Omit pictures and quote the listing below line by line, from its start through the line that holds "What will the".

Data extract ::
===============
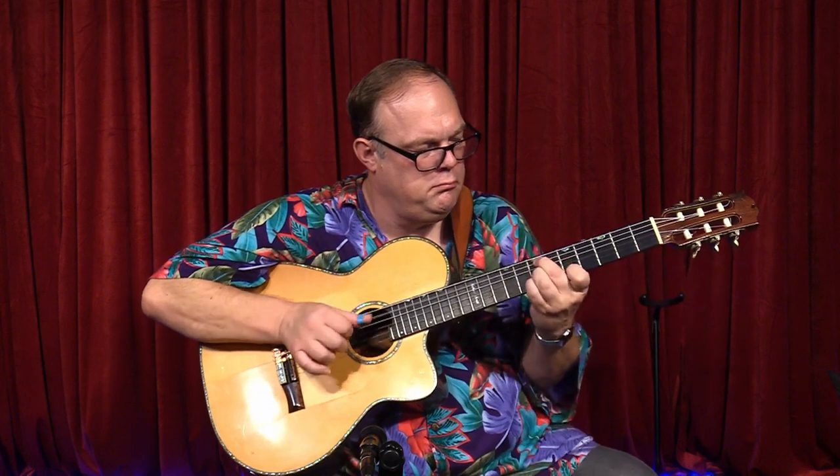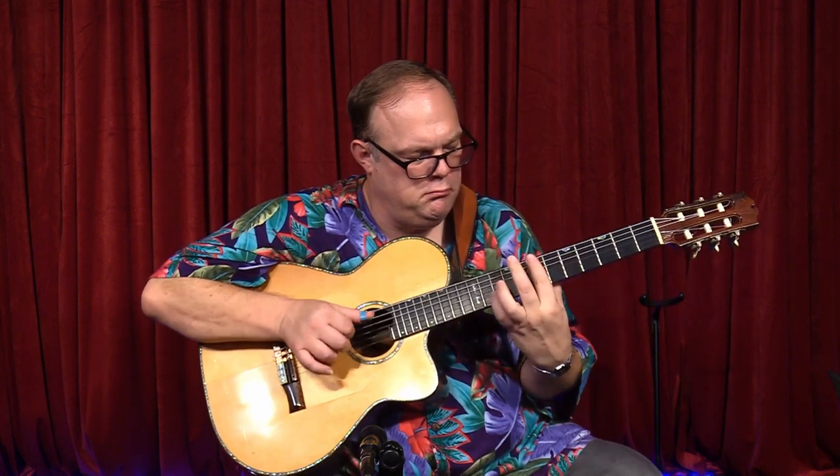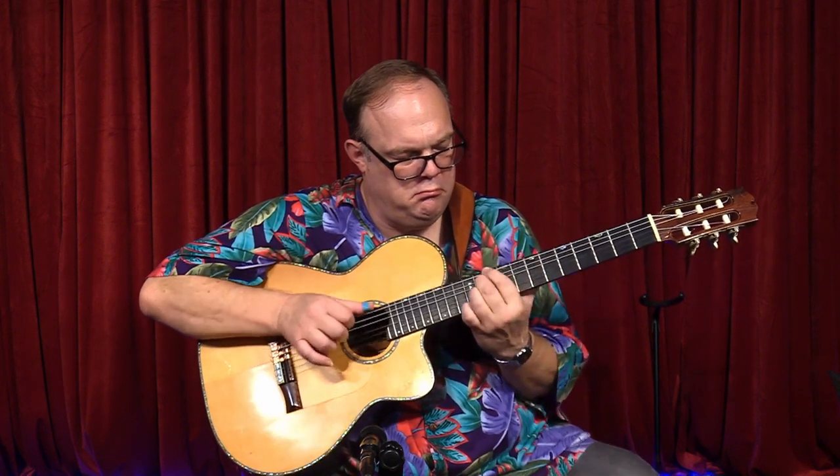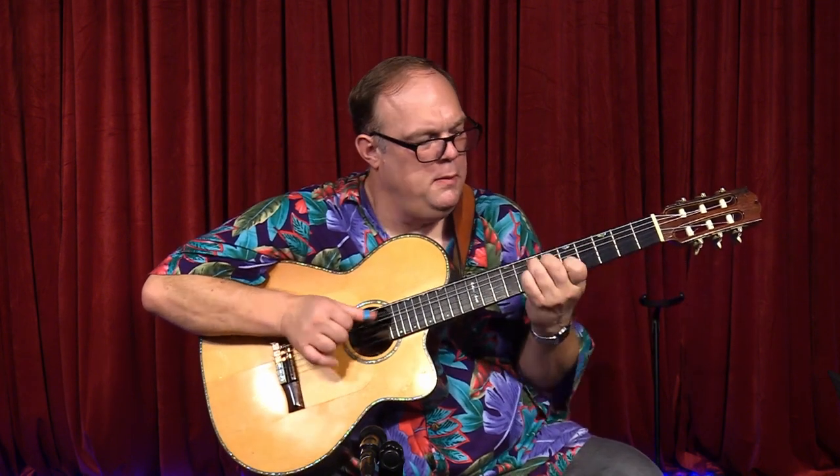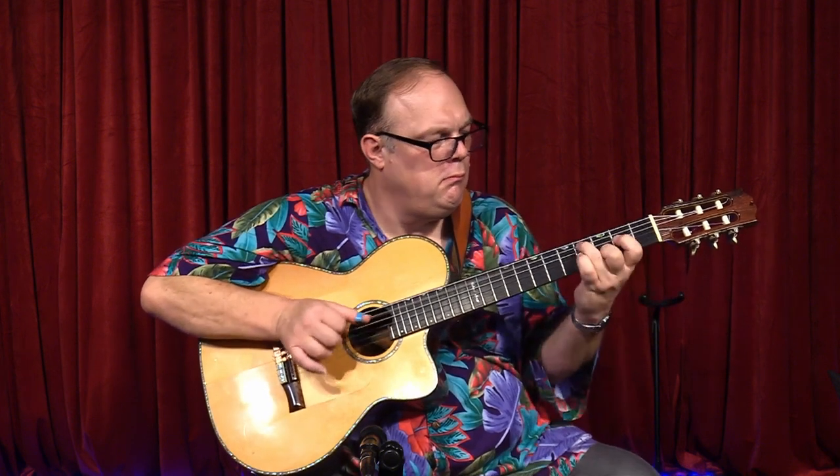I'm hoping to get through to that part of the brain that separates the thumb from the fingers, so that you will develop the kind of independence that you need to play Travis picking and all kinds of other stuff — where your thumb is a band, holds its own groove down, and is independent from the fingers.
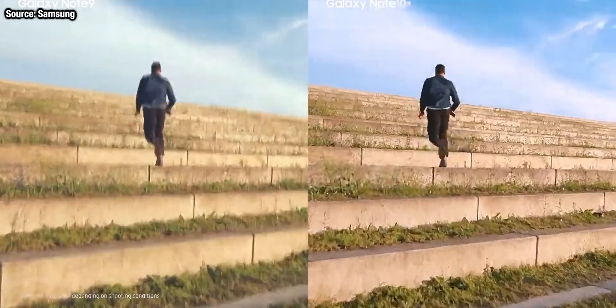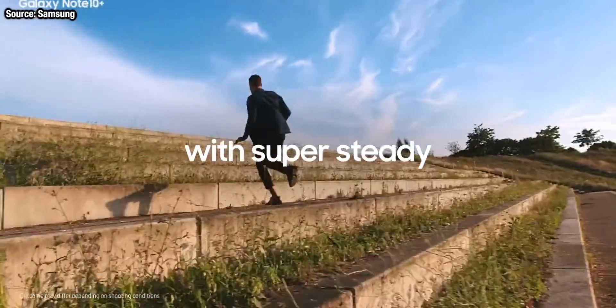What will the bit rate be? Will there be electronic image stabilisation as well? Will there be HDR on here? Some of these questions are answered by the leak.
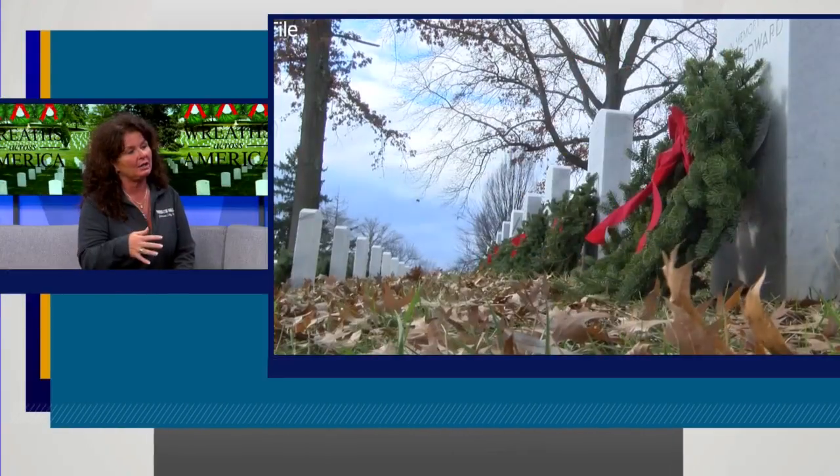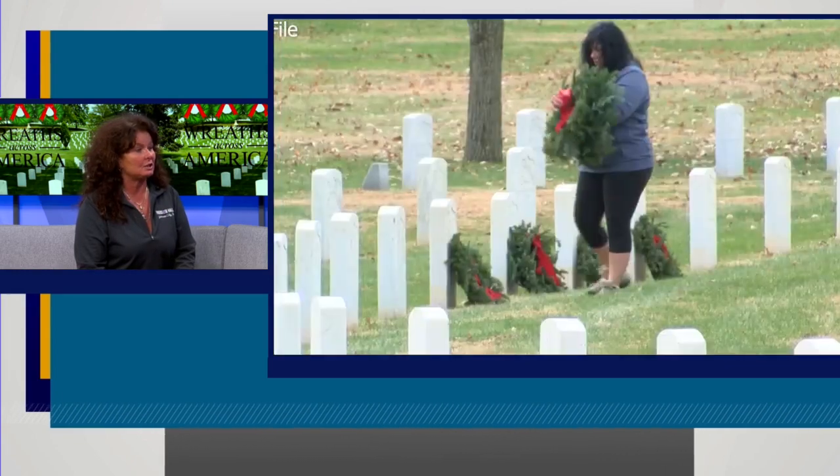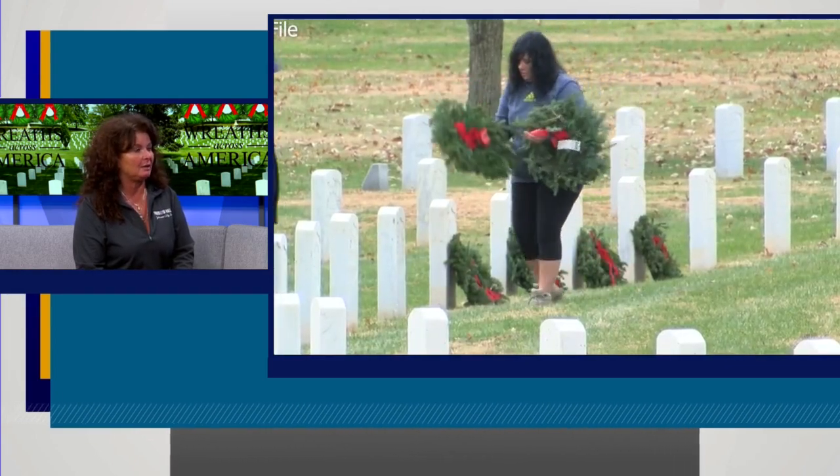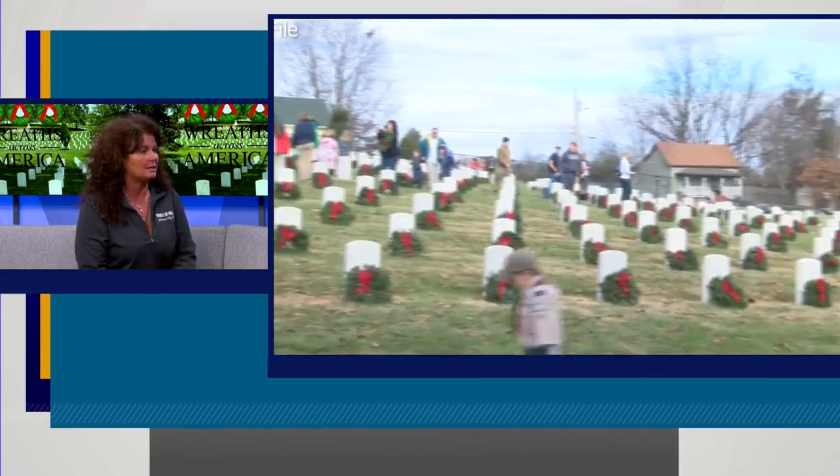Is there a certain place they need to meet you for all of this? So we're going to do the historic side — meet at the historic side, and there's a brown barn just down the hill. We're all going to meet there, and then we're going to disperse from there and kind of tackle all areas of the cemetery on the new and annex side as well.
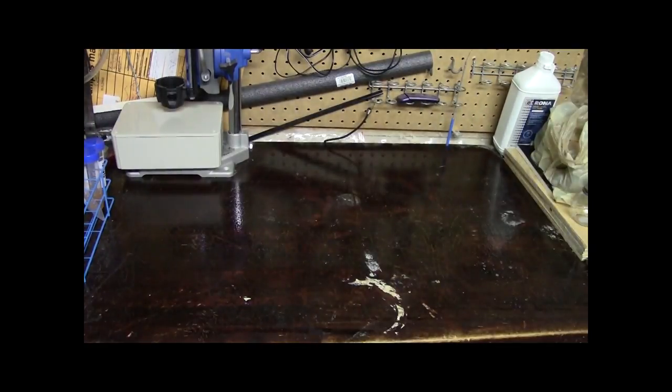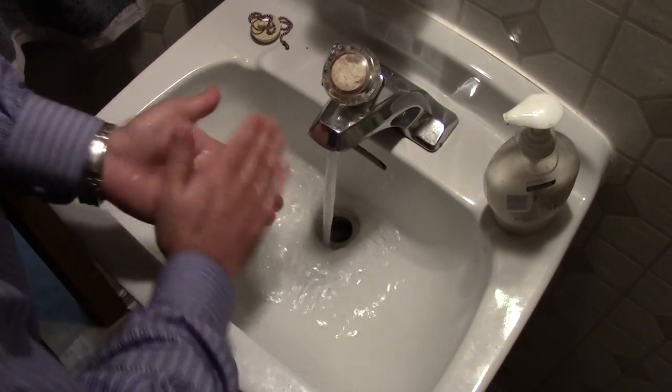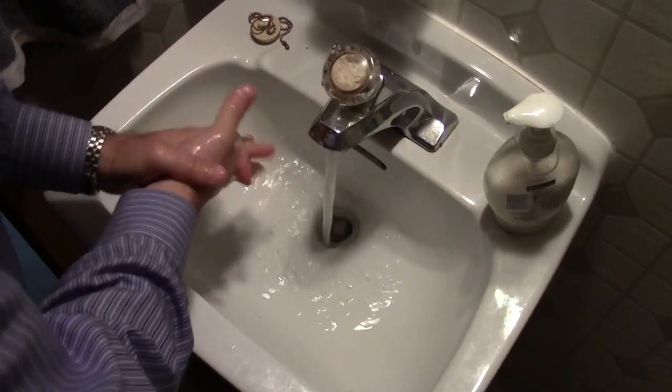While that sanitizing agent is working, you next need to get yourself prepared — and what I mean by that is you need to make sure you are clean at the same time. What you really want to focus on, of course, is washing your hands.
===============
Solution to the exercise ::
I'm hoping to get through to that part of the brain that separates the thumb from the fingers, so that you will develop the kind of independence that you need to play Travis picking and all kinds of other stuff — where your thumb is a band, holds its own groove down, and is independent from the fingers.
What will the bit rate be? Will there be electronic image stabilisation as well? Will there be HDR on here? Some of these questions are answered by the leak.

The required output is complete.